**What needs to be done**
Keep the pictures out of your copy. Transcribe the records below exactly.

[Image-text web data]
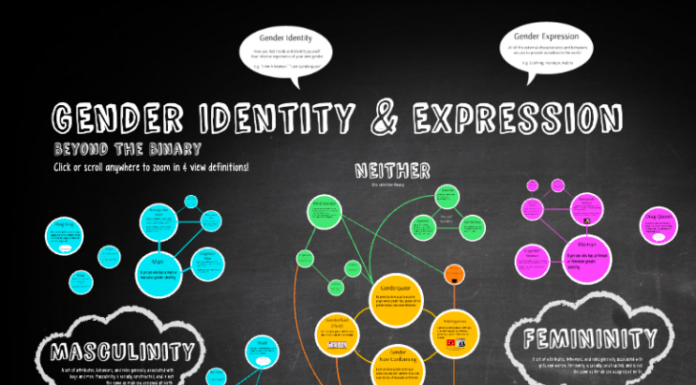 Why Gender Is Central to Personal Identity: The Importance of Self-Expression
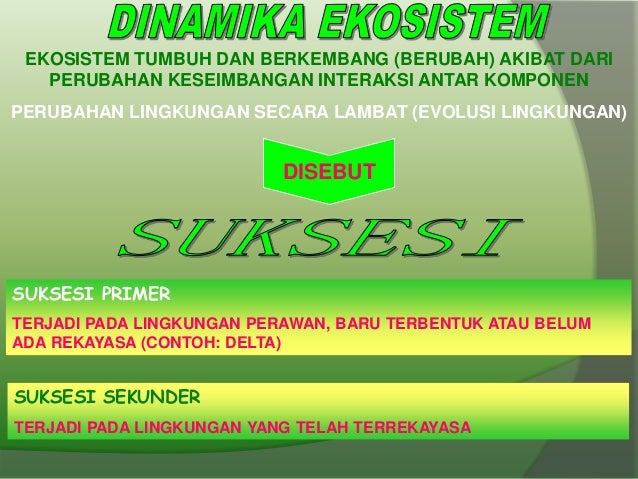 Keseimbangan Ekosistem Power point ilmu lingkungan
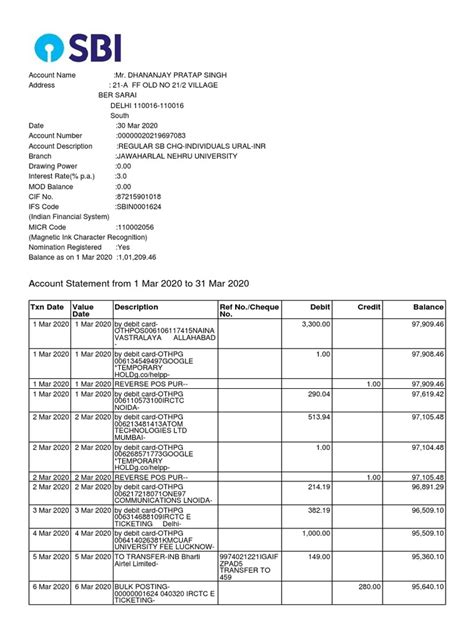 Account Statement From 1 Mar 2020 To 31 Mar 2020 Txn Date Value Date Description Ref Nocheque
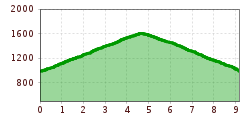Elevation profile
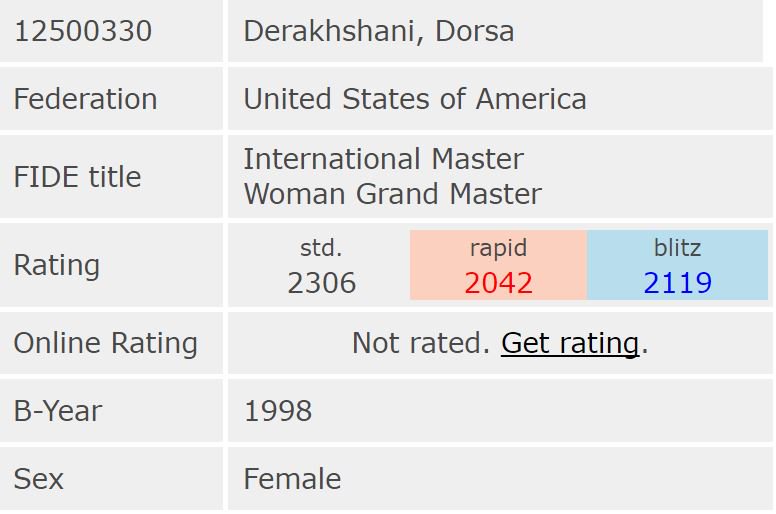 US Chess Welcomes Dorsa Derakashani, IM and WGM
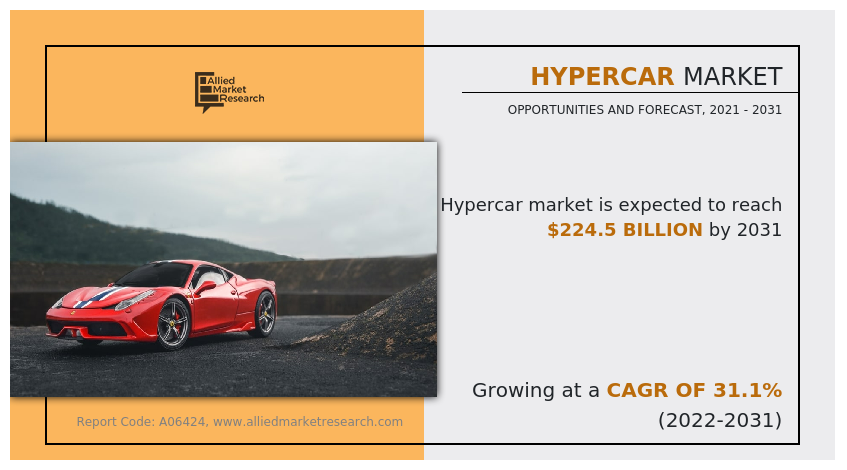 Hypercar 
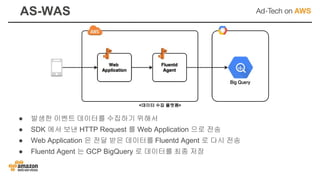 AS-WAS
<데이터 수집 플랫폼>
● 발생한 이벤트 데이터를 수집하기 위해서
● SDK 에서 보낸 HTTP Request 를 Web Application 으로 전송
● Web Application 은 전달 받은 데이터를 Fluentd Agent 로 다시 전송
● Fluentd Agent 는 GCP BigQuery 로 데이터를 최종 저장
 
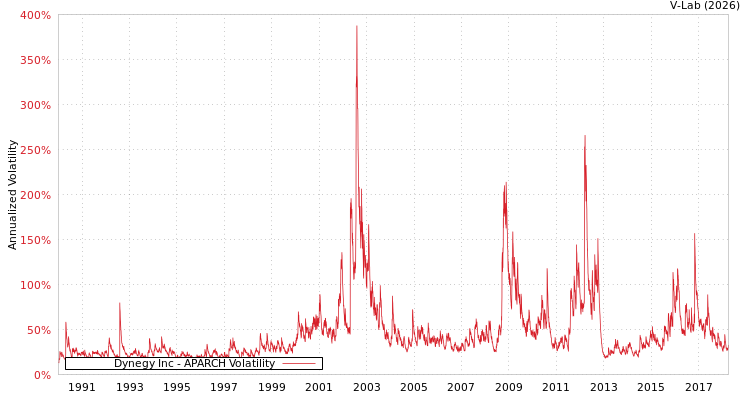 graph of Dynegy Inc APARCH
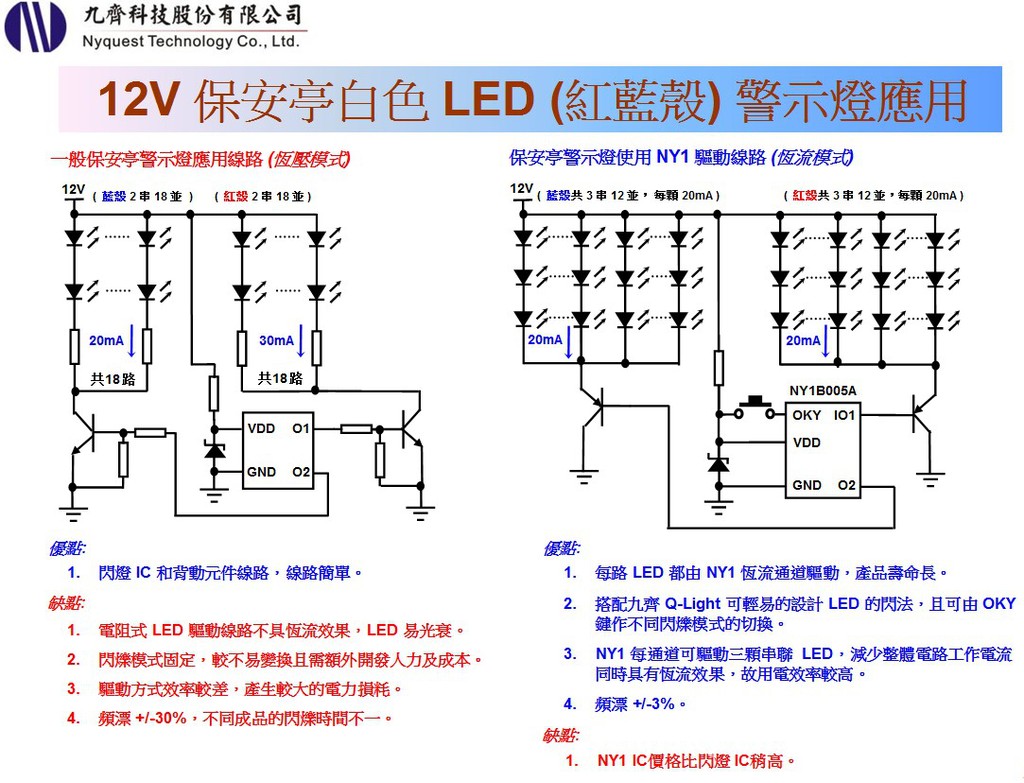 集成电路(ic)-台灯、警示灯应用,led控制驱动ic_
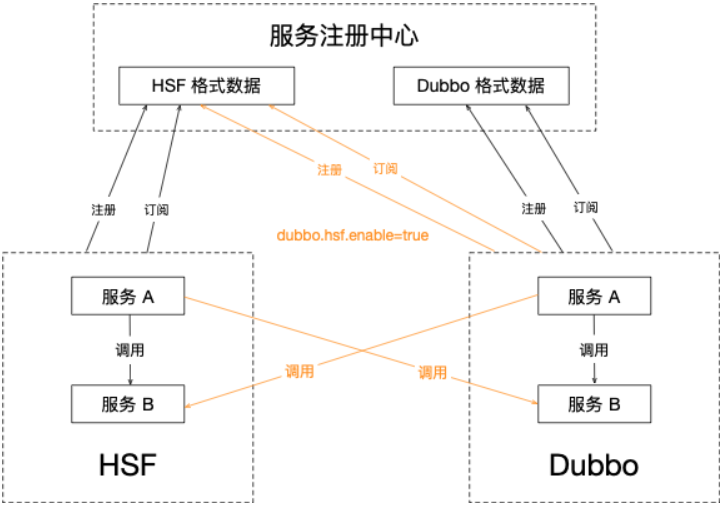 HSF迁移Dubbo结构图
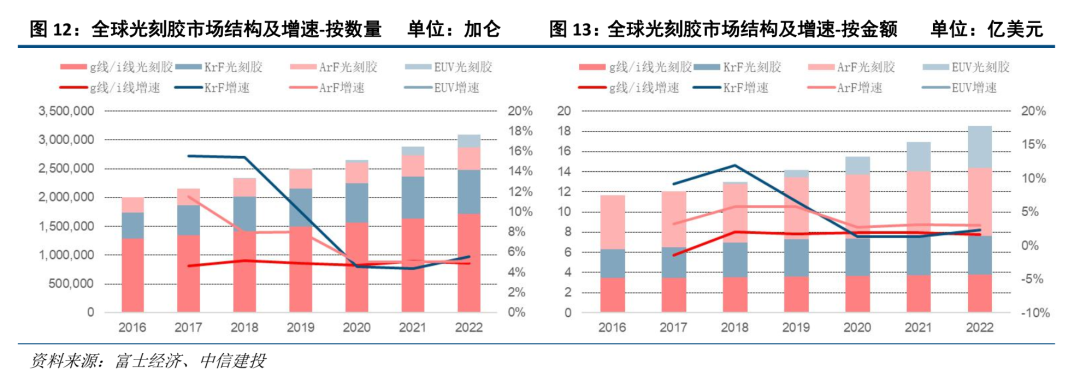 中信建投证券：光刻胶产业链国产化任重道远 重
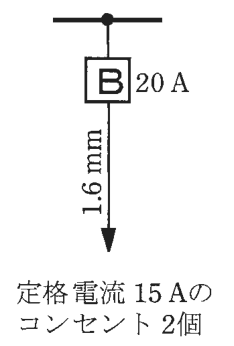 幹線の分岐点から配線用遮断器B 20 A，その先の矢印の線に 1.6 mm の字，矢印の先に 定格電流 15 Aの コンセント 2個 の字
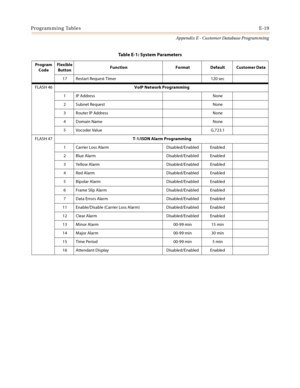 Page 555Programming TablesE-19
Appendix E - Customer Database Programming
17 Restart Request Timer 120 sec
FLASH 46VoIP Network Programming
1 IP Address None
2Subnet Request None
3 Router IP Address None
4Domain Name None
5 Vocoder Value G.723.1
FLASH 47T-1/ISDN Alarm Programming
1 Carrier Loss Alarm Disabled/Enabled Enabled
2 Blue Alarm Disabled/Enabled Enabled
3 Yellow Alarm Disabled/Enabled Enabled
4 Red Alarm Disabled/Enabled Enabled
5 Bipolar Alarm Disabled/Enabled Enabled
6 Frame Slip Alarm...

**Your response**
 Why Gender Is Central to Personal Identity: The Importance of Self-Expression
 Keseimbangan Ekosistem Power point ilmu lingkungan
 Account Statement From 1 Mar 2020 To 31 Mar 2020 Txn Date Value Date Description Ref Nocheque
Elevation profile
 US Chess Welcomes Dorsa Derakashani, IM and WGM
 Hypercar 
 AS-WAS
<데이터 수집 플랫폼>
● 발생한 이벤트 데이터를 수집하기 위해서
● SDK 에서 보낸 HTTP Request 를 Web Application 으로 전송
● Web Application 은 전달 받은 데이터를 Fluentd Agent 로 다시 전송
● Fluentd Agent 는 GCP BigQuery 로 데이터를 최종 저장
 
 graph of Dynegy Inc APARCH
 集成电路(ic)-台灯、警示灯应用,led控制驱动ic_
 HSF迁移Dubbo结构图
 中信建投证券：光刻胶产业链国产化任重道远 重
 幹線の分岐点から配線用遮断器B 20 A，その先の矢印の線に 1.6 mm の字，矢印の先に 定格電流 15 Aの コンセント 2個 の字
 Page 555Programming TablesE-19
Appendix E - Customer Database Programming
17 Restart Request Timer 120 sec
FLASH 46VoIP Network Programming
1 IP Address None
2Subnet Request None
3 Router IP Address None
4Domain Name None
5 Vocoder Value G.723.1
FLASH 47T-1/ISDN Alarm Programming
1 Carrier Loss Alarm Disabled/Enabled Enabled
2 Blue Alarm Disabled/Enabled Enabled
3 Yellow Alarm Disabled/Enabled Enabled
4 Red Alarm Disabled/Enabled Enabled
5 Bipolar Alarm Disabled/Enabled Enabled
6 Frame Slip Alarm...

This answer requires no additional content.